## Problem to solve
Give back, word for word, only the lines from the one containing "Vitamin Ayam Aduan" to the end of the listing below.

## Exercise materials
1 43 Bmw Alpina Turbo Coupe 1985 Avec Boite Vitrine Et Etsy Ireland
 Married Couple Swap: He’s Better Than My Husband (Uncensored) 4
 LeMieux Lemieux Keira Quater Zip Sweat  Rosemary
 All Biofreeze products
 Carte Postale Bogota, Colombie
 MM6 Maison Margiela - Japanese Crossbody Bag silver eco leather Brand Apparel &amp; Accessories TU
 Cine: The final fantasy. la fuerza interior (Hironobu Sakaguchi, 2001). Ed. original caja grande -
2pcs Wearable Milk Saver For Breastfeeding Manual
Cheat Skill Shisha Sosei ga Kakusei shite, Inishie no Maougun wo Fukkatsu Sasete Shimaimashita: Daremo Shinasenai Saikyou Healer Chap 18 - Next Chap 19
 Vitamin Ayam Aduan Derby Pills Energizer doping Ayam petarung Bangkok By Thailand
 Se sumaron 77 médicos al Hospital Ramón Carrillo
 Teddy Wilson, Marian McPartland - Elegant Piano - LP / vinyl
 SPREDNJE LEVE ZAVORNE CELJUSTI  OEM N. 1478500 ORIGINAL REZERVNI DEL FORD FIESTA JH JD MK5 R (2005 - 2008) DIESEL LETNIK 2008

## Answer for the task
 Vitamin Ayam Aduan Derby Pills Energizer doping Ayam petarung Bangkok By Thailand
 Se sumaron 77 médicos al Hospital Ramón Carrillo
 Teddy Wilson, Marian McPartland - Elegant Piano - LP / vinyl
 SPREDNJE LEVE ZAVORNE CELJUSTI  OEM N. 1478500 ORIGINAL REZERVNI DEL FORD FIESTA JH JD MK5 R (2005 - 2008) DIESEL LETNIK 2008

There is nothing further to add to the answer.